New Year’s Clarification: God and the Seagulls: Subtitle: God (The Fisher King) Changes His Mind


“Exciting to see
but soon after comes sadness
the cormorant boats.”   Basho

2016 is over by a whole month. I didn’t make resolutions. I’m making a New Year’s Clarification.

I was walking through a park, early one morning about a month ago. It was fogbound; the grass was frosted and despite being well inland, the white ground was peppered with the whiter white of seagulls – a small flock, hunting worms. The scene was a second prod in a week to finish this blog post.

I started writing this about two months ago, in fact. It was, then, a response to a topic posted in one of the groups of which I’m a member on LinkedIn. It was posted directly on the back of and responding to the massacre of 50+ folks in the Pulse gay club in Orlando, Florida (6 December 2016). The Christian author of the topic used the massacre as a vehicle to mount an argument against homosexuality and backed himself up in the usual shallow way with the usual biblical quotes. I was incensed at this Christian’s insensitivity. Another Christian did similar more recently following the assassination of the Russian ambassador in Turkey. (P.S. I have no affection for or affiliation with the Russian political regime). I was again incensed. I surprised myself by telling him to eff off, I was so incensed at the insensitivity.

What’s all this to do with God and seagulls? And God changing his mind? (Please exchange God for whatever you call the source of all things (and I’m assuming that the reader who has persevered thus far will believe in a source for the universe)).

Me, I’m going to get really biblical here.
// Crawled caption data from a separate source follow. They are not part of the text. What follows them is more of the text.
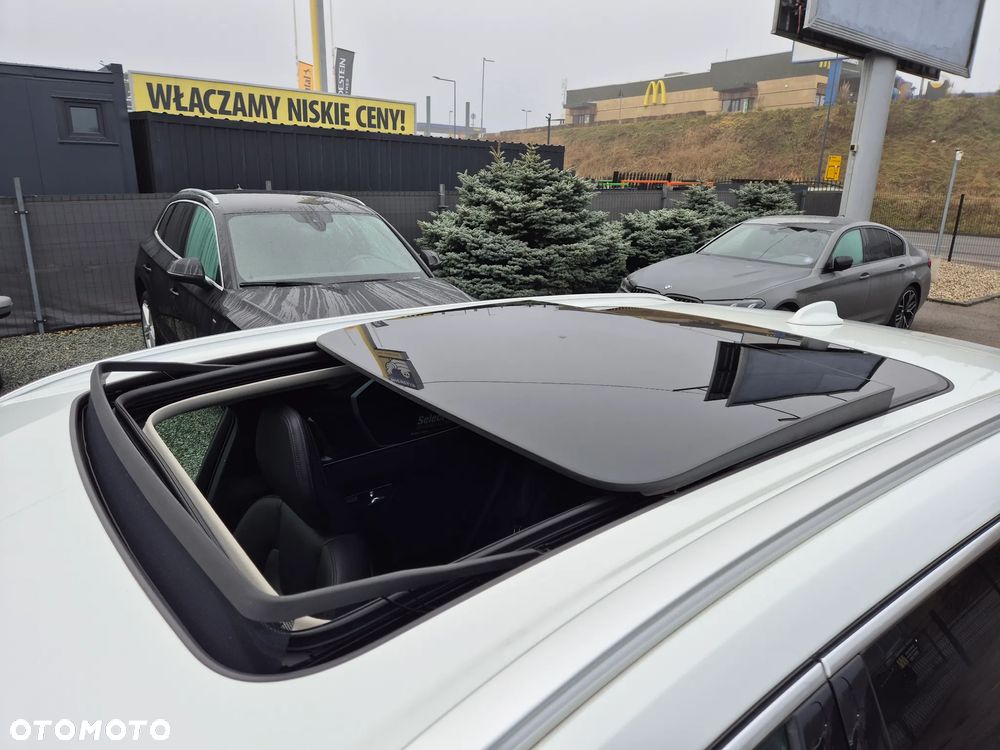 Volvo XC 60 T6 Plug-In Hybrid AWD Inscription - 33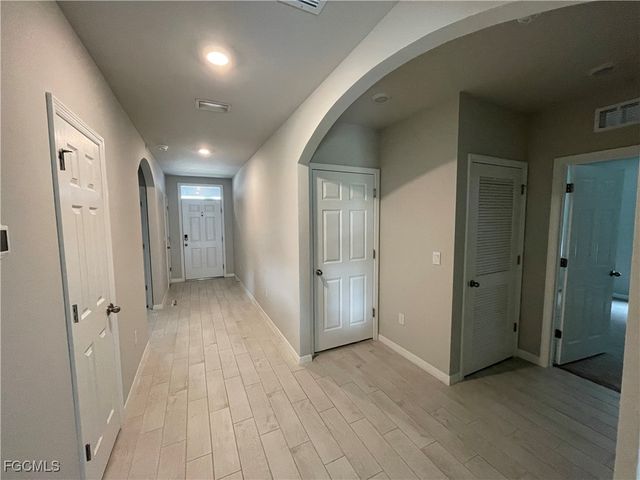 16645 Elkhorn Coral DR, North Fort Myers, FL 33903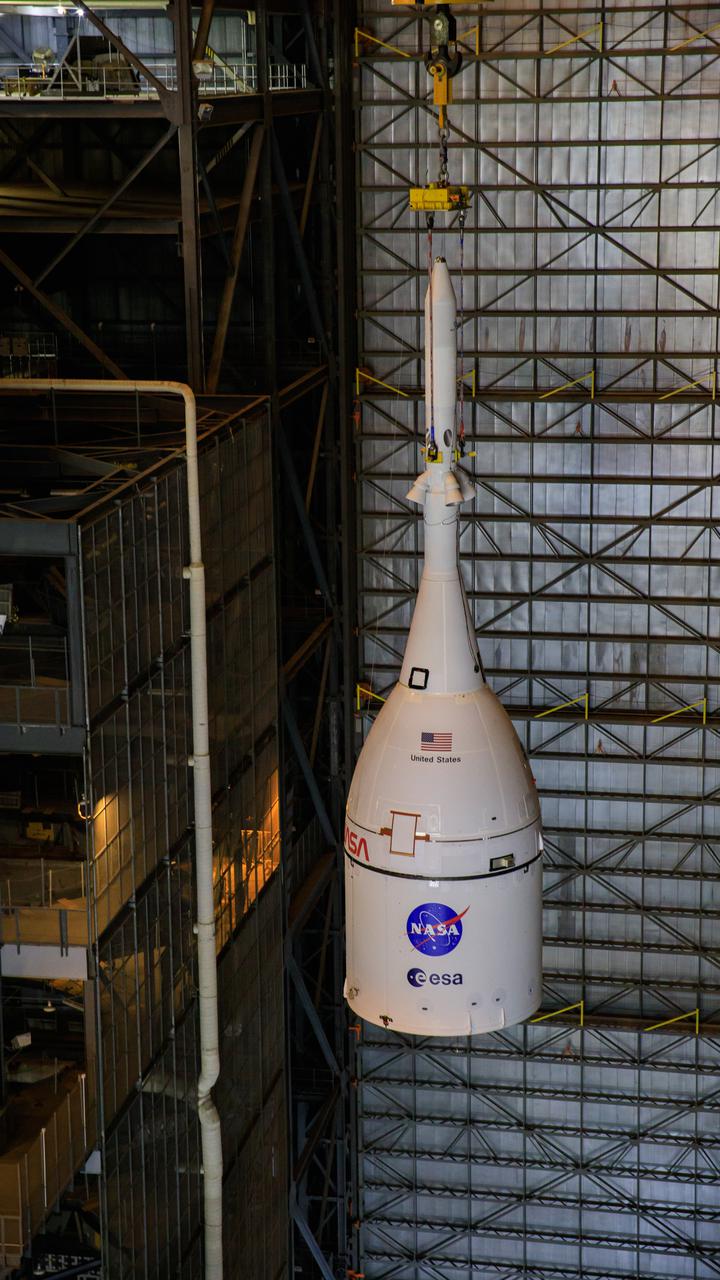 Artemis I Orion Lift & Mate
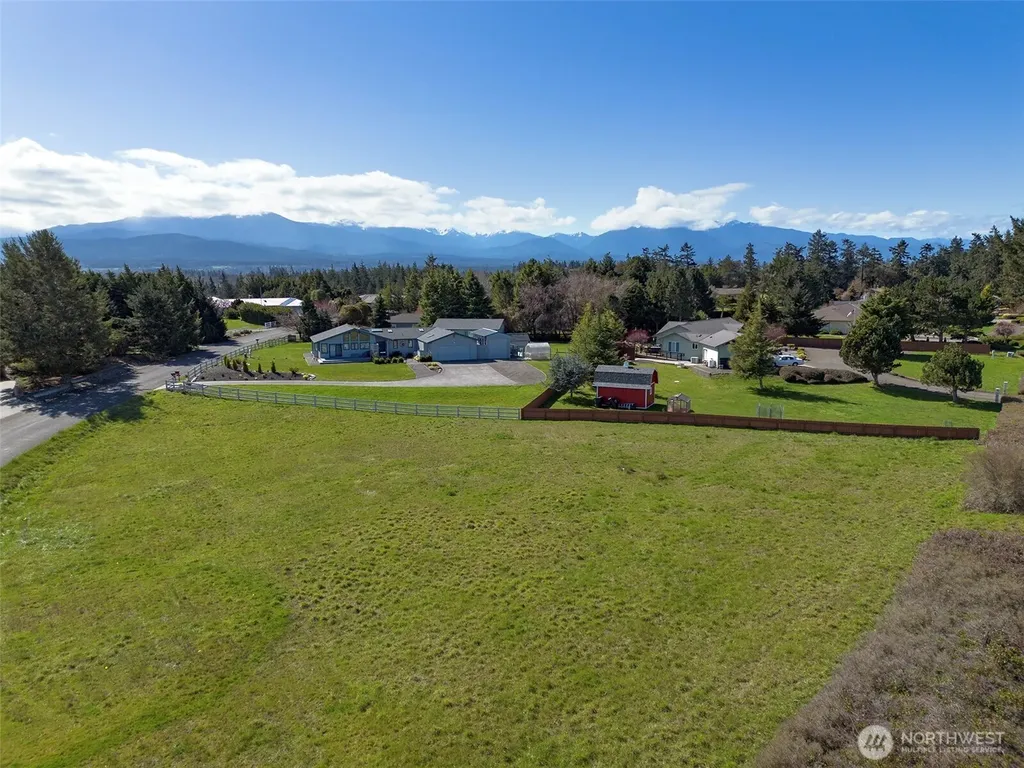 0 Sundial Loop Sequim WA 98382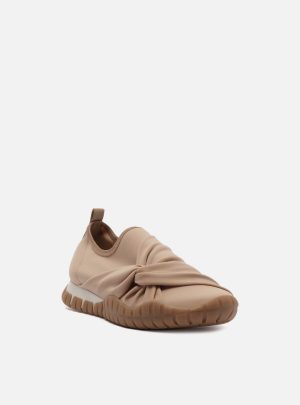 Tênis Slip On Rosa Claro Tecido Sola Emborrachada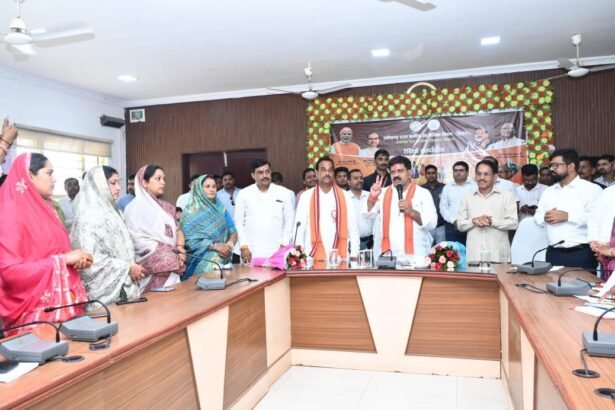 ग्रामीण महिलाओं के सशक्तिकरण की नई पहल ‘दीदी के गोठ’ रेडियो कार्यक्रम का हुआ शुभारंभ, उपमुख्यमंत्री विजय शर्मा हुए शामिल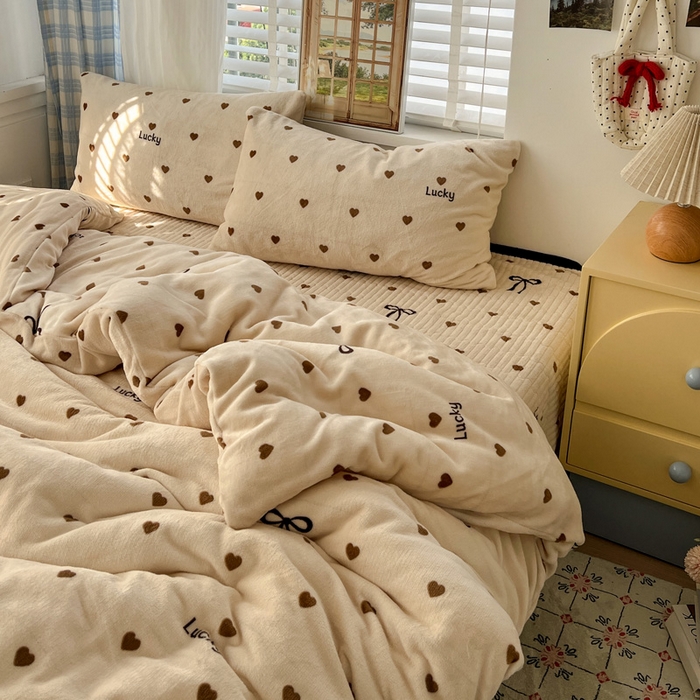 91家纺网 家纺一手货源 找家纺 （总）鑫利来家纺 2025新款牛奶绒加厚印花法式赫本风花边床盖四件套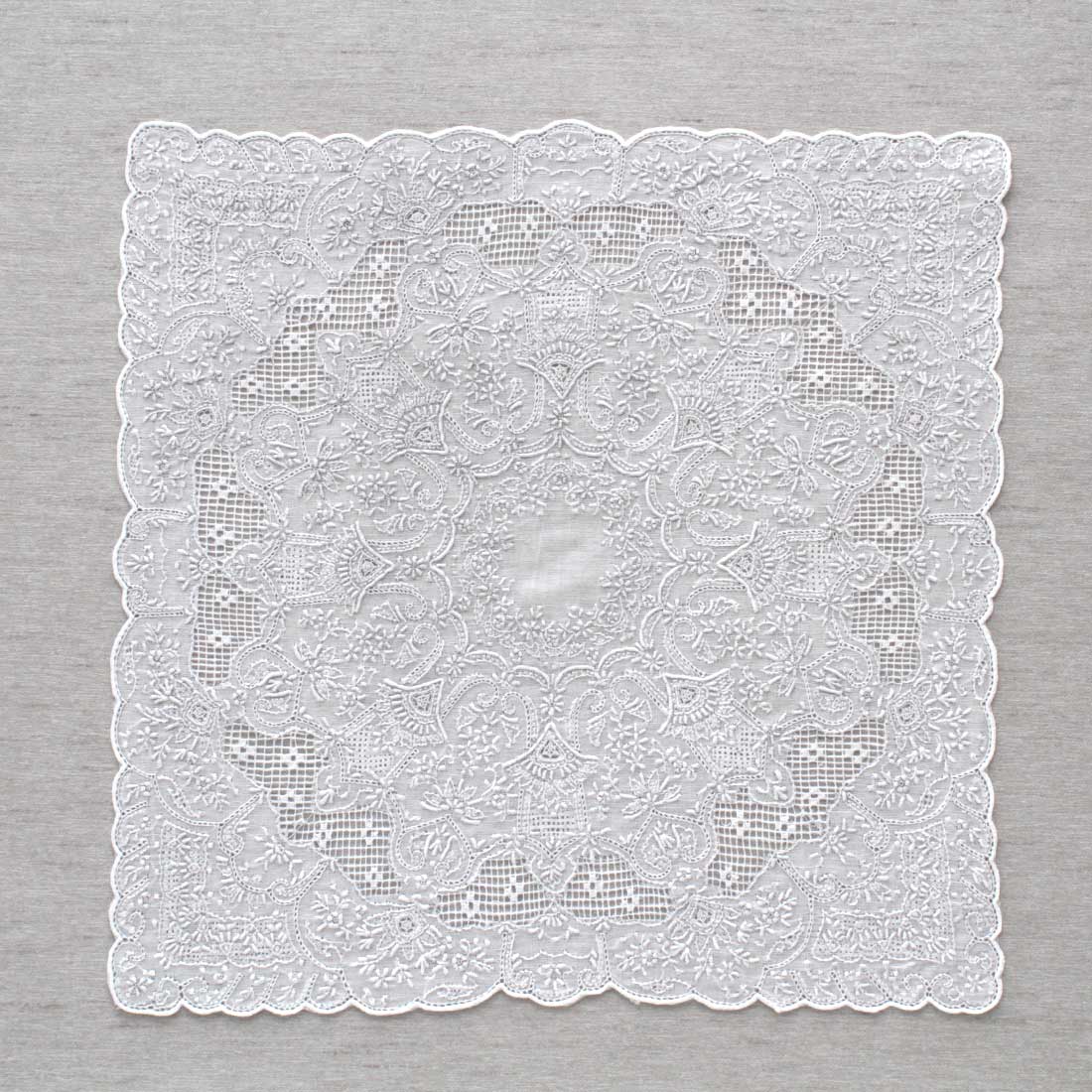 送料無料】汕頭手刺繍 ハンカチ 三峡 | レディース,スワトウ ハンカチ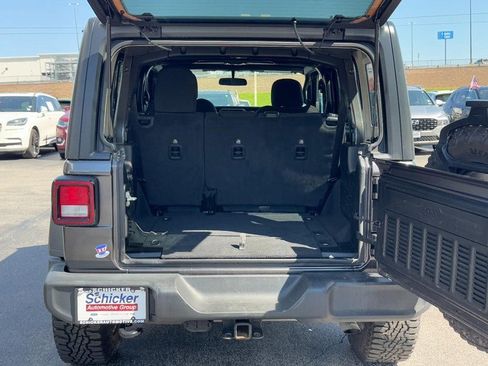 Used 2022 Jeep Wrangler Unlimited Sport AWD/4WD image 5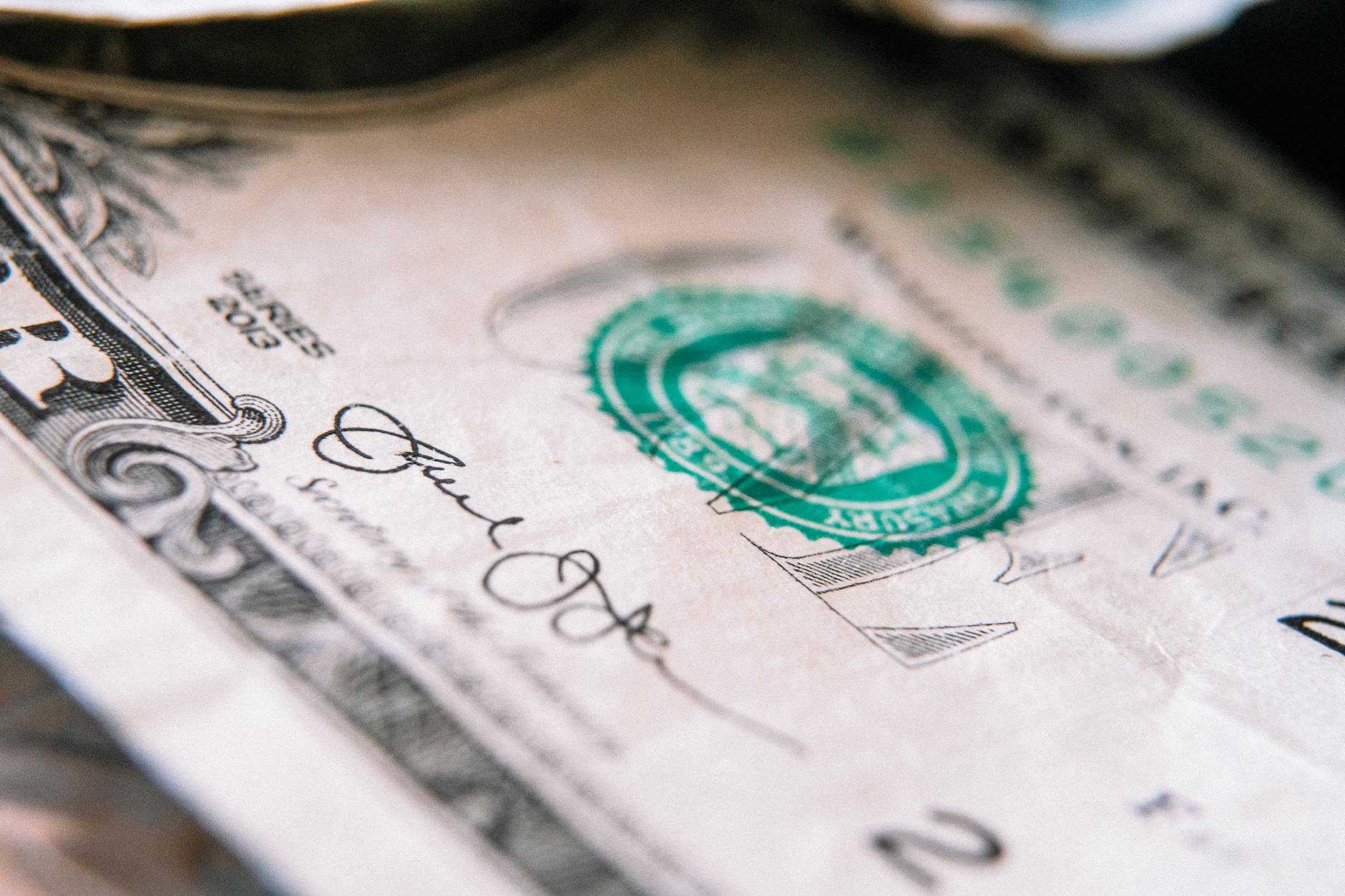 What Makes Expensive Socks Actually Cost More?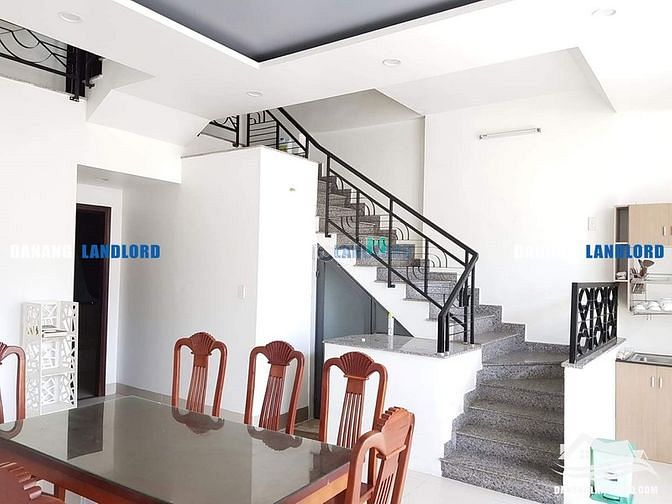 Hình ảnh Nhà 7 phòng ngủ gần đường Phan Tứ - B780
Part of the answer lies in Leviticus. Leviticus is the third book of the Bible, attributed to Moses but research suggests it was a later addition. It is about the Levite tribe (one of the 12 tribes of Israel). The Levites were the tribe of priests. And Leviticus summarises rules and ceremonies pertaining to the ministry of the priests and the social and health-maintaining conduct of the Israeli people (that Moses brought out of Egyptian slavery and led to the Promised Land).

Bear with me, this is exciting. Please read on:

leucocarbo_bougainvillii_qtl1Leviticus, 11-15 are instructions to the Israeli folk on purity stroke cleanliness. “Eating certain animals produces uncleanliness, … “. At Leviticus 13: These are the birds you are to regard as unclean and not eat because they are unclean (there’s a long list, but specified are “… the gull, [and] … the cormorant, …”

But God changes his mind about the above.

What?

Yes, he does.

It comes after the death and resurrection of Jesus, when the Apostles have gone out into the world to disseminate the message of the life, death, resurrection of Jesus. The story of the triumph of Love.

Their adventures and achievements are reported in The Acts of the Apostles. And Acts 10 records a vision that Peter had (Simon Peter whom Jesus referred to as his rock (of whom it is also recorded, denied knowing Jesus, after Jesus’ arrest in Jerusalem, betrayed by Judas Iscariot, three times before the cock crowed (dawn) the following morning. Forgive me if you already know this).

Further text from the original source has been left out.